Prayer is not merely an occasional impulse to which we respond when we are in trouble: prayer is a life attitude. (Walter A. Mueller)
In the intervening years between reading and identifying with that quote and today, my conception of prayer, and my understanding of what it means to be prayerful, has grown and blossomed. Yes, there are times I go to God on my knees, but I let it be in reverence, and not in shame. There are also times I go with arms held high, feeling joyful and embraced. Feeling jubilant.
Eddie Izzard, a rather unconventional comedian, does quite a few skits on religion. (I love his comedy – it’s intelligent and quick and wry.) In one particular skit, he says that one of the things that’s always bewildered him is the way that so many Christians manage to sing praise songs in a dirge tone. That was my experience growing up – attending church each Sunday and watching the congregants sing Alleluia as though they were going to the gallows. And I prayed dirgefully. Uck.
Reiki has brought me a new way to experience prayer – something which I did not expect. I’ve talked about this quite a bit in Reiki Shares and in other gatherings, but not here on my blog. For me, providing treatment for someone becomes a prayerful experience. I tell clients that it feels almost as though the entire session becomes one long prayer. There is peace, and silence, and the space for them to heal and to find resolution. For me, there is inner quiet, and a meditative state that is something quite different than the state I’m in when I grocery shop or watch tv. There is an attentiveness and openness on the part of both myself and the client. We each enter the session with hopes (a form of prayer) and intentions (a kind of petition) and openness (the willingness to hear and receive the results of those hopes and intentions).
Prayer gives a man the opportunity of getting to know a gentleman he hardly ever meets. I do not mean his maker, but himself. (William Inge)

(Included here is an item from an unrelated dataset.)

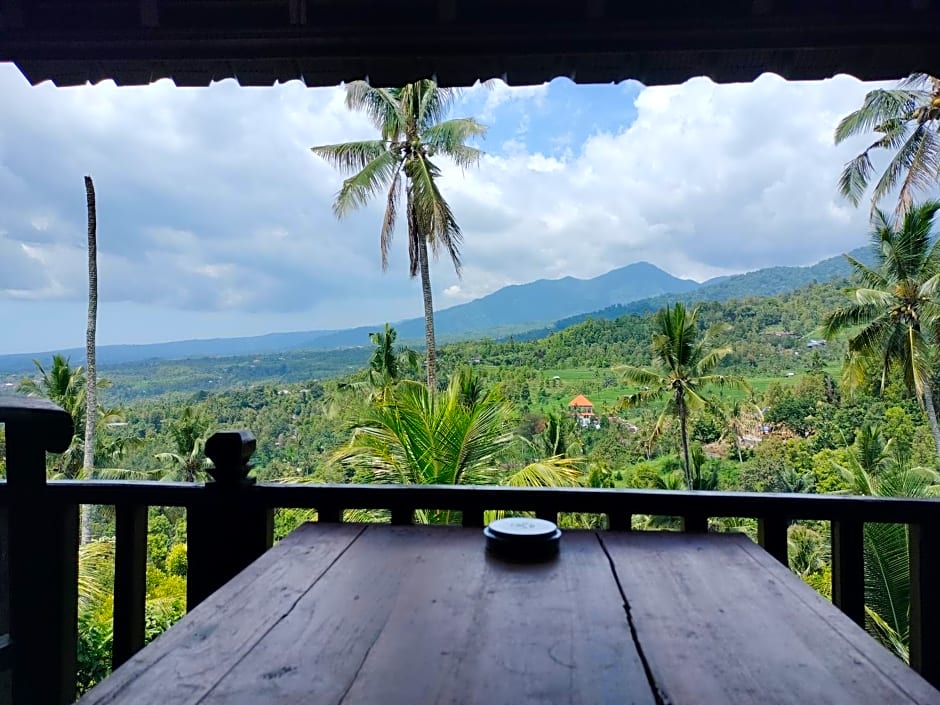 D'kailash Retreat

I try to bring more of that into my day (with varying degrees of success). I try to bring myself into a state of mindfulness more often in my everyday life. I try to think prayerfully, walk prayerfully. Be prayerful.

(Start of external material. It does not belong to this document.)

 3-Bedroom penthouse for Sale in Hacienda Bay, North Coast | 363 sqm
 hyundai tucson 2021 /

Being prayerful, for me, has come to mean:
- Being soft like water – able to bend with the flexible and changing world around me.
- Being passionate like fire – able to feel all the things that it means to be human with depth and meaning.
- Being open to new ideas, new ways of thinking, new ways of behaving.
- Being mindful of all the world around me, and the deservingness of everyone and everything to be treated with the reverence that is due one of God’s creations.
- Being mindful of my speech, knowing that the wrong words have such ability to harm.
- Being mindful of my attitudes, knowing that I (like everyone else) tend to get “stuck” in them.
- Being mindful of my part in all things – that even when I feel as though I’ve been wronged, there is something in that experience that is mine, and that I need to own.
- Open arms. Open hands. Open heart.
- More listening, less talking.
My intention this month was to work at being more prayerful in my daily life. I want to embrace all the ways that prayer has been a blessing to me in both joy and sorrow. I want to walk, knowing that with each step I take, I have an opportunity to walk prayerfully. With each breath, I have an opportunity to breathe prayerfully. Each word, each thought, each action – is an opportunity to be prayerful.
I have been driven many times to my knees by the overwhelming conviction that I had nowhere else to go. (Abraham Lincoln)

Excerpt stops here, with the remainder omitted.